REQUIRED WORK | Your copy should match the entries exactly, except that it holds no pictures.

MATERIAL FOR THE TASK |
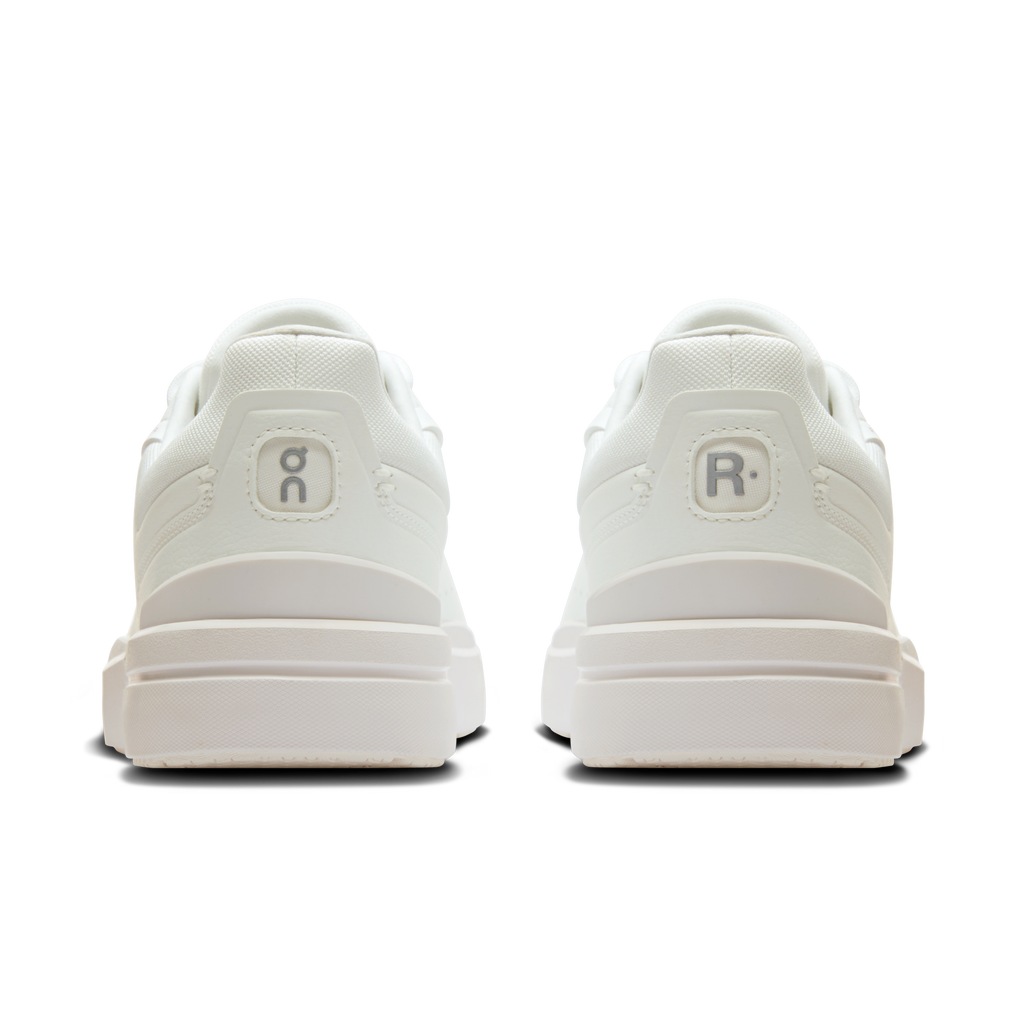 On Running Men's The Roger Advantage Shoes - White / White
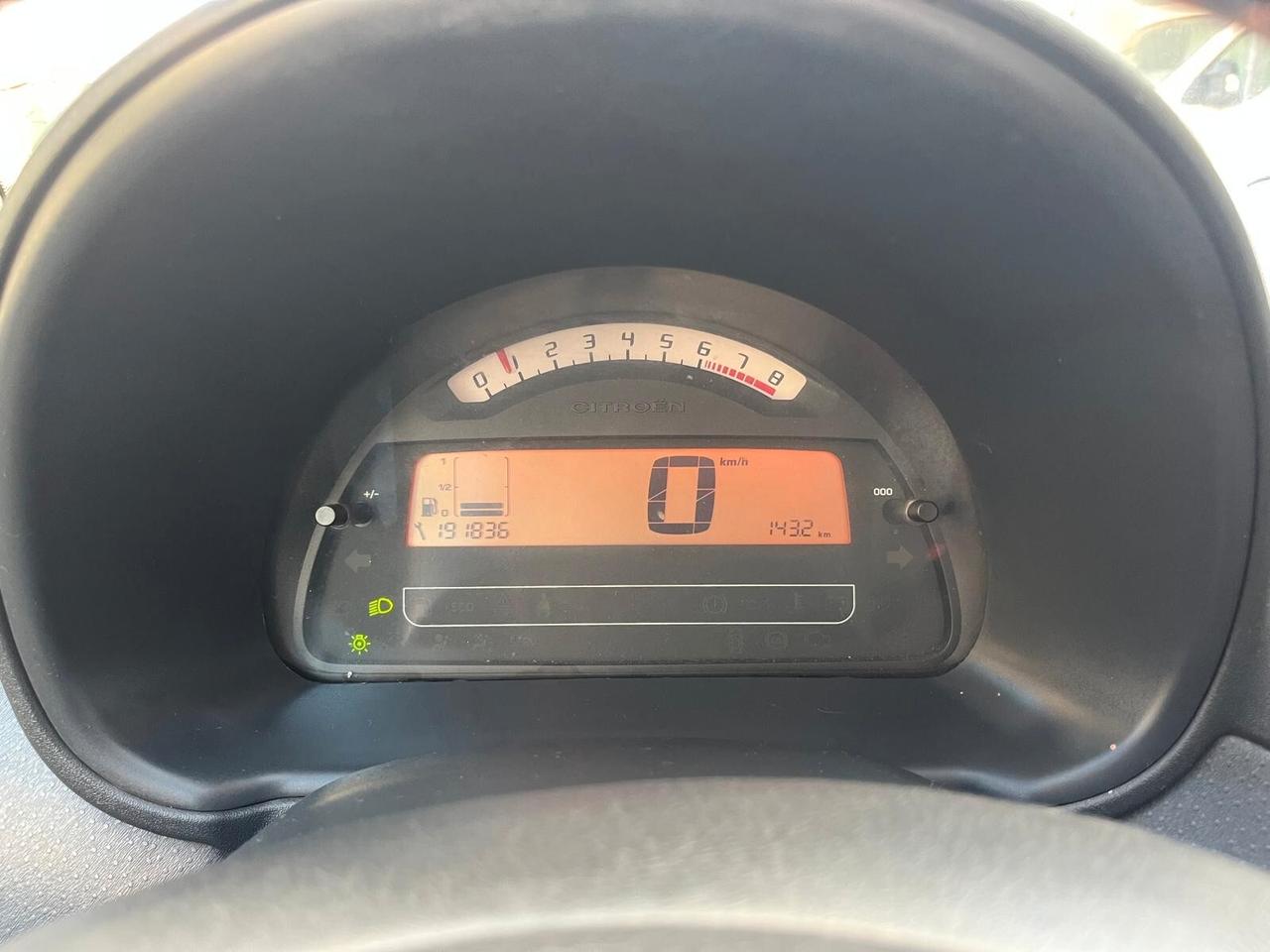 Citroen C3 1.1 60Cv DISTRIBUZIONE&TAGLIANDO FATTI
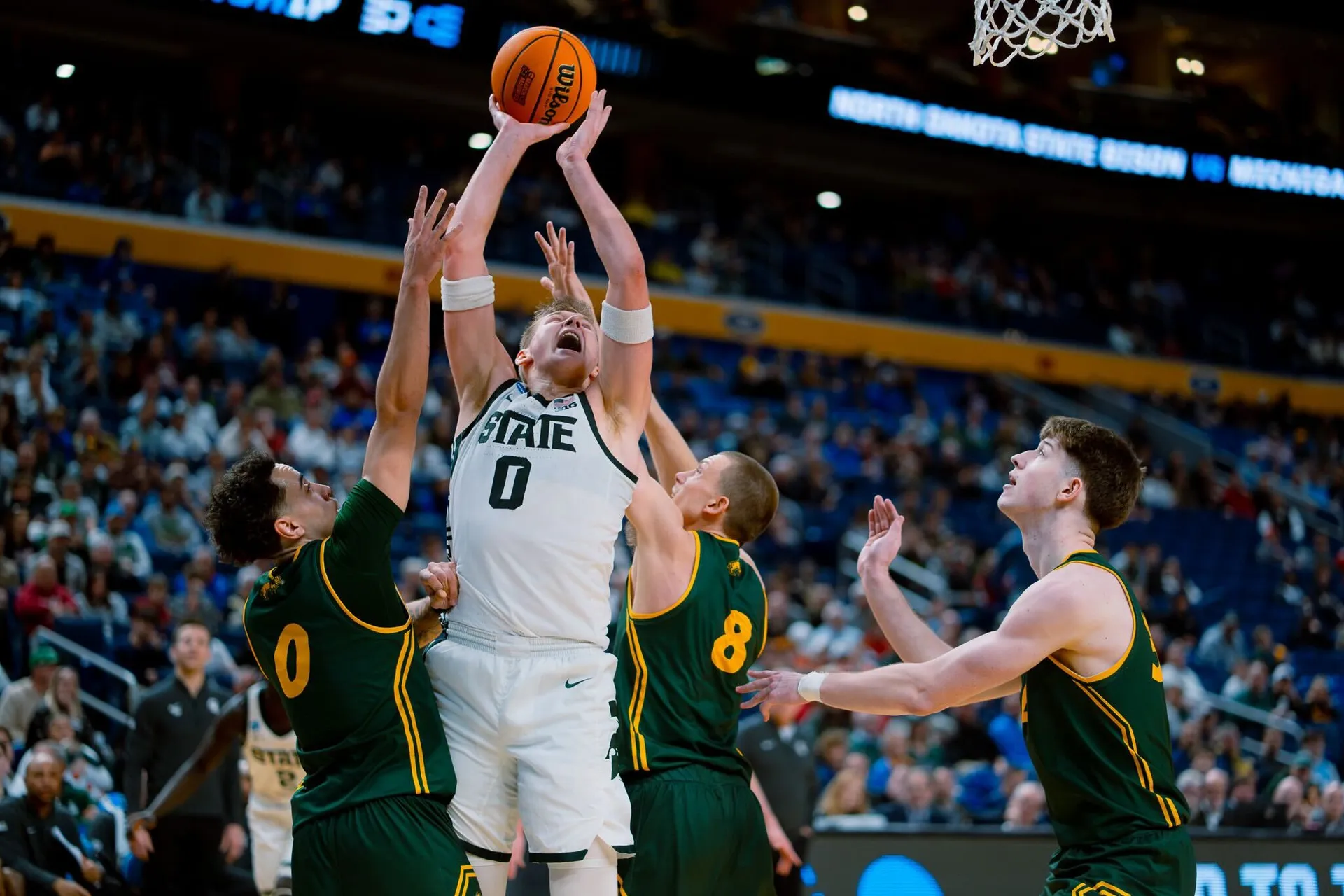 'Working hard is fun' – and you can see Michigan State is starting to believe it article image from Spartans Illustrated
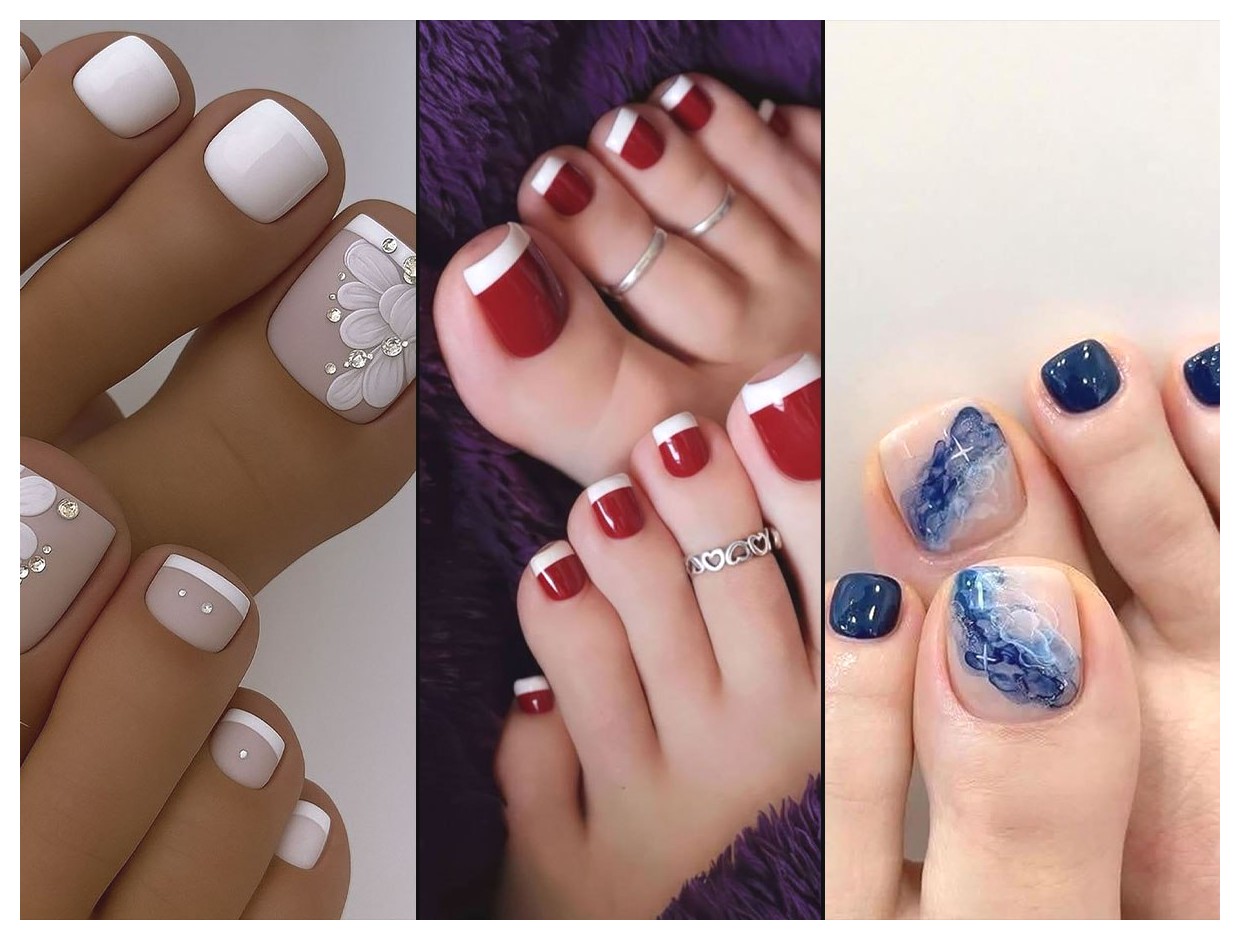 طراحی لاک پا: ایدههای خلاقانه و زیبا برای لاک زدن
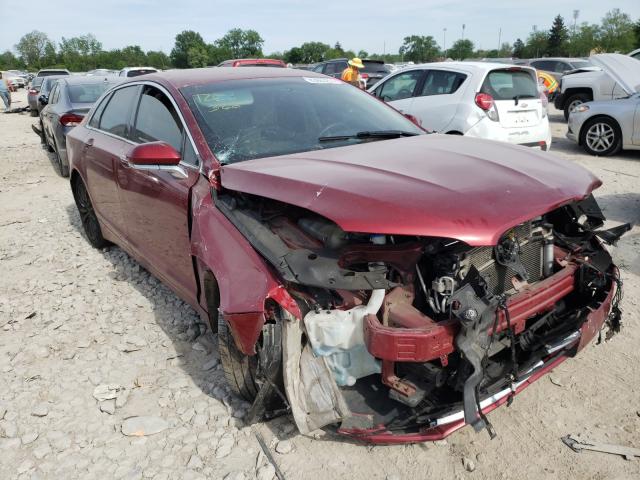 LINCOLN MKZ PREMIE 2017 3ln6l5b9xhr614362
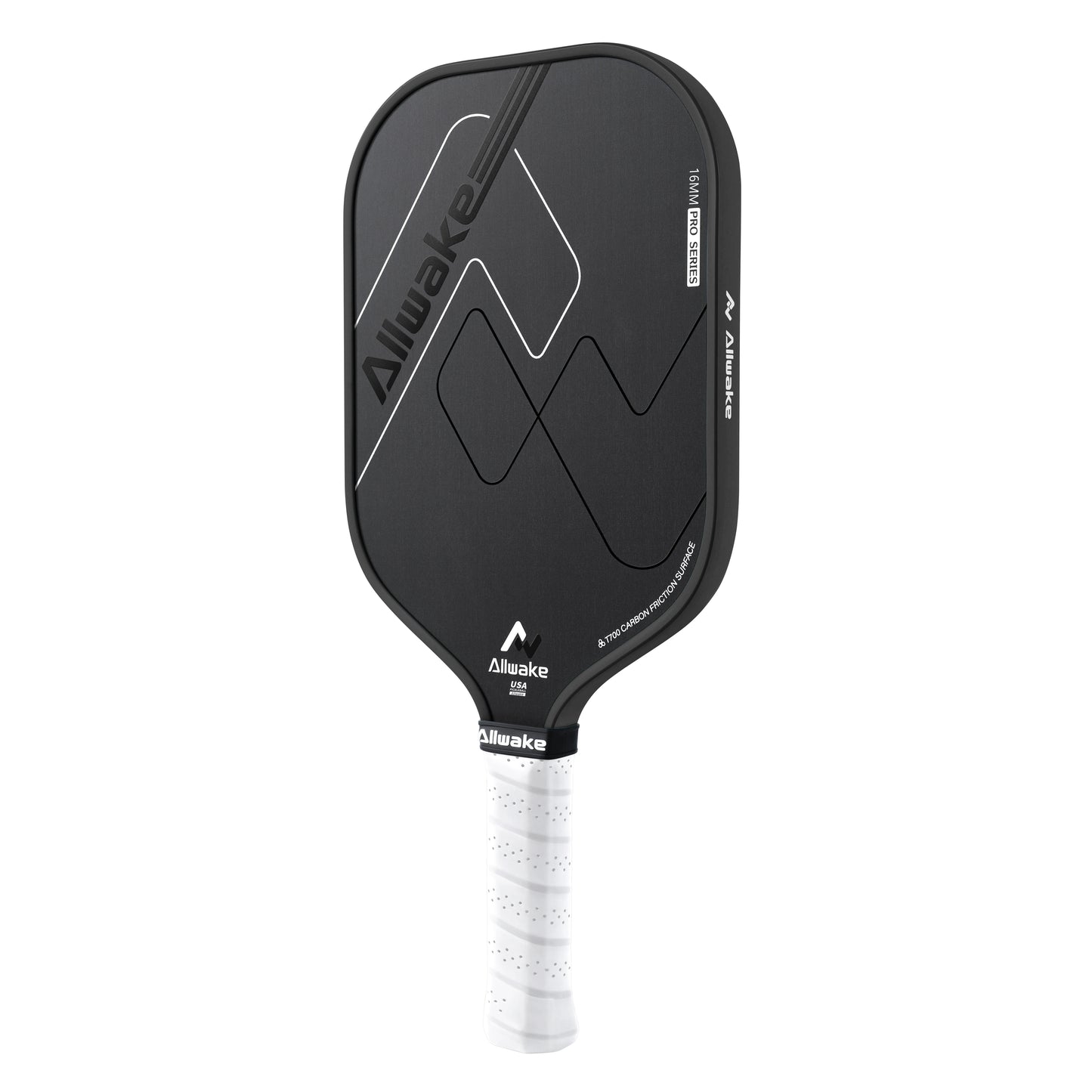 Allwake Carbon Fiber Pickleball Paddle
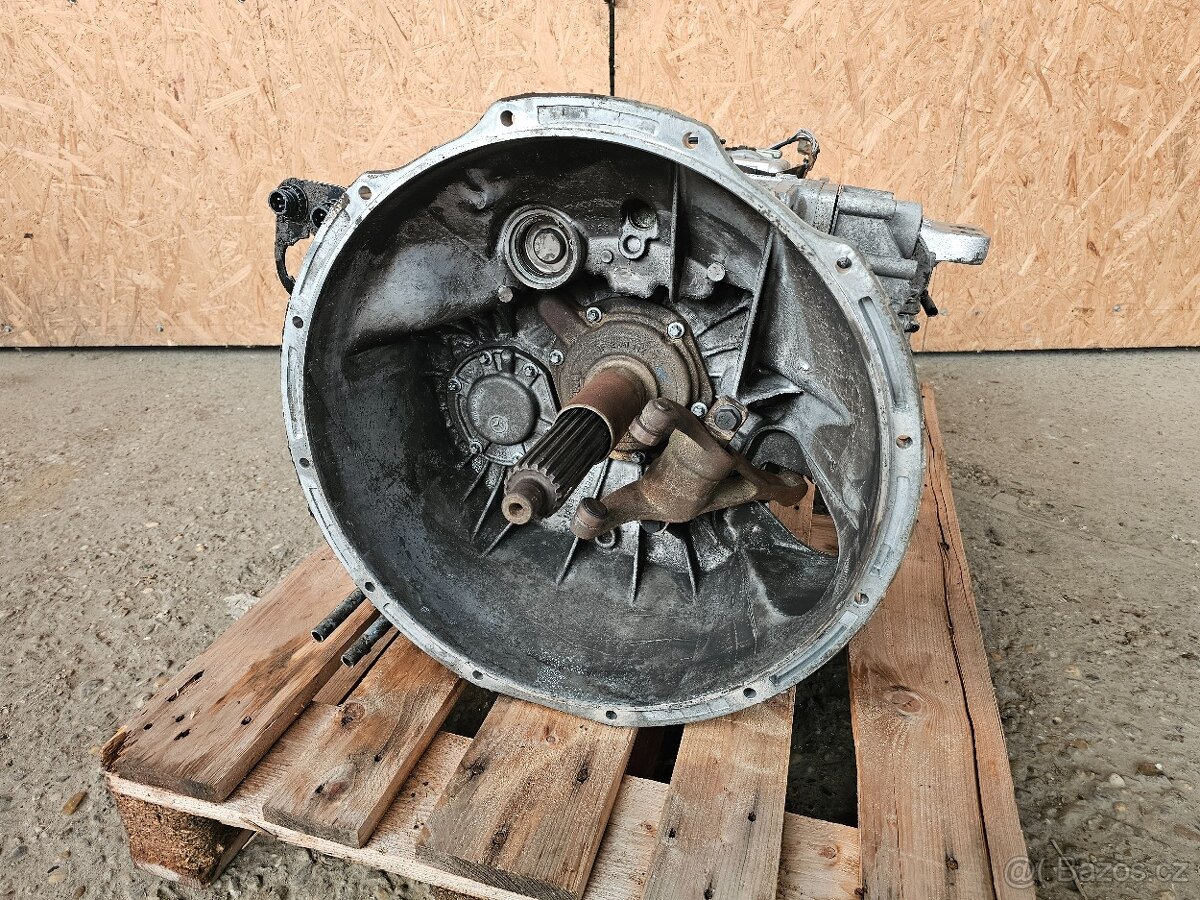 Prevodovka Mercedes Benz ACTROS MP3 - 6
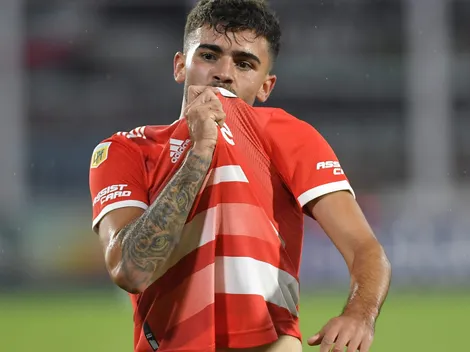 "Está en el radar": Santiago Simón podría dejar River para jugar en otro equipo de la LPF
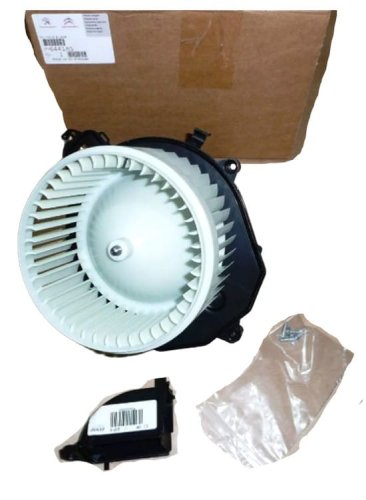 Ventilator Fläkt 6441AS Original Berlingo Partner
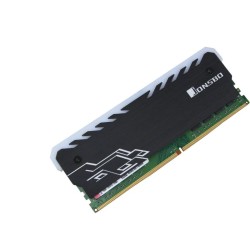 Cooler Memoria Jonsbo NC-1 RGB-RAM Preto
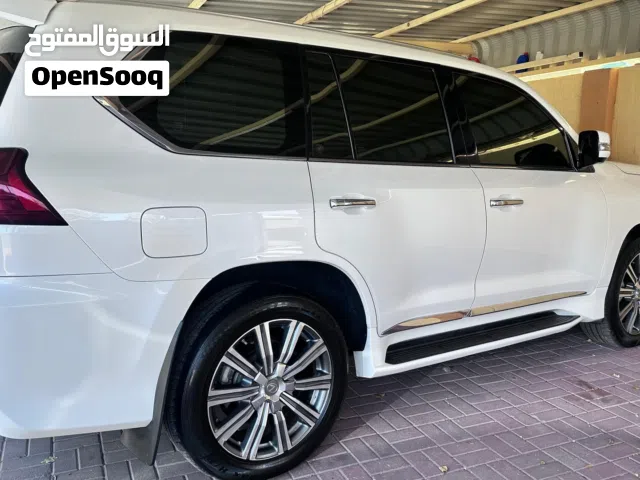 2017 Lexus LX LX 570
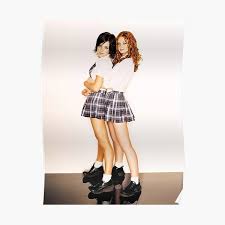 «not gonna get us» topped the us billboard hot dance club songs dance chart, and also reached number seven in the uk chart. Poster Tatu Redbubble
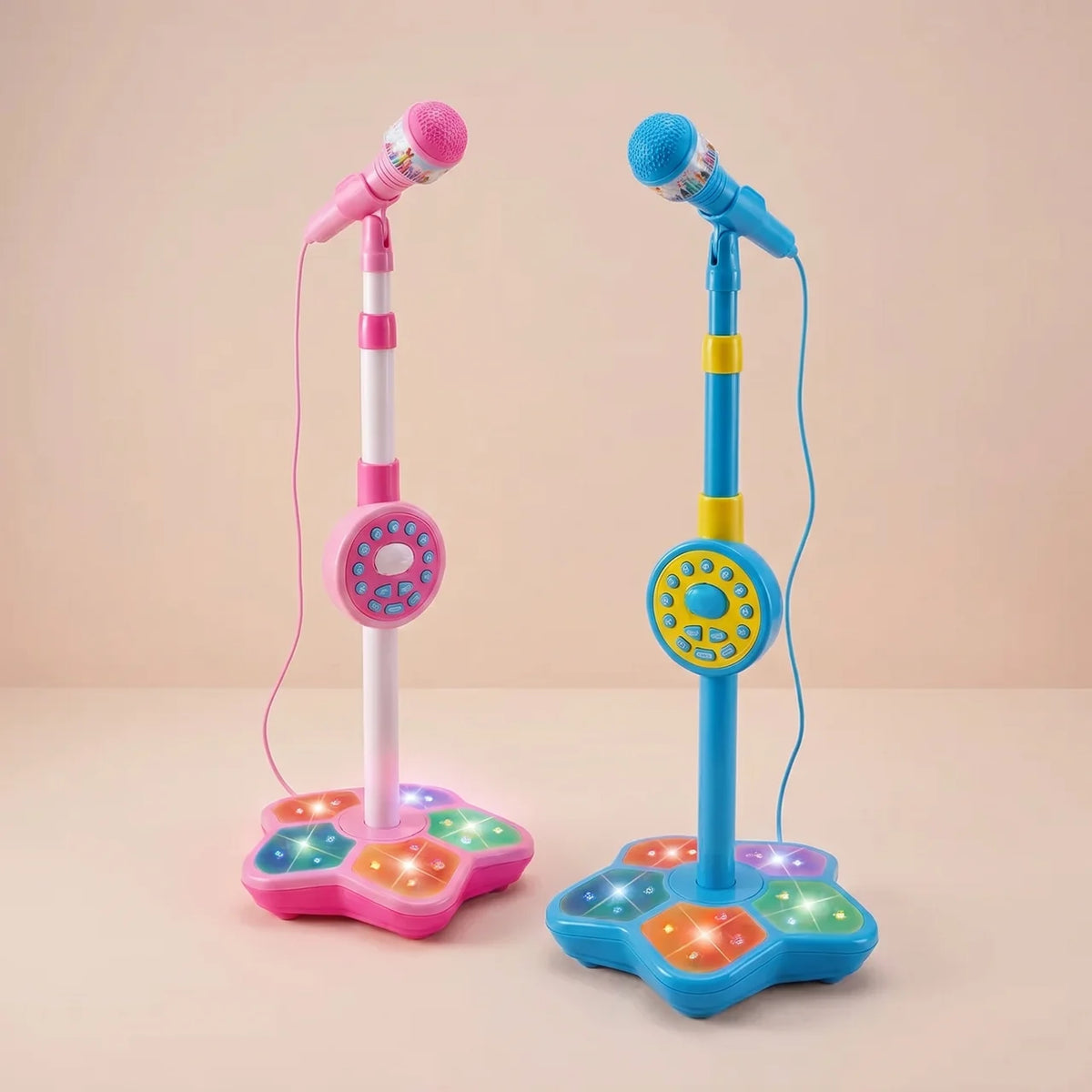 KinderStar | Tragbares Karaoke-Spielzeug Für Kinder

REPLY |
 On Running Men's The Roger Advantage Shoes - White / White
 Citroen C3 1.1 60Cv DISTRIBUZIONE&TAGLIANDO FATTI
 'Working hard is fun' – and you can see Michigan State is starting to believe it article image from Spartans Illustrated
 طراحی لاک پا: ایدههای خلاقانه و زیبا برای لاک زدن
 LINCOLN MKZ PREMIE 2017 3ln6l5b9xhr614362
 Allwake Carbon Fiber Pickleball Paddle
 Prevodovka Mercedes Benz ACTROS MP3 - 6
 "Está en el radar": Santiago Simón podría dejar River para jugar en otro equipo de la LPF
 Ventilator Fläkt 6441AS Original Berlingo Partner
 Cooler Memoria Jonsbo NC-1 RGB-RAM Preto
 2017 Lexus LX LX 570
 «not gonna get us» topped the us billboard hot dance club songs dance chart, and also reached number seven in the uk chart. Poster Tatu Redbubble
 KinderStar | Tragbares Karaoke-Spielzeug Für Kinder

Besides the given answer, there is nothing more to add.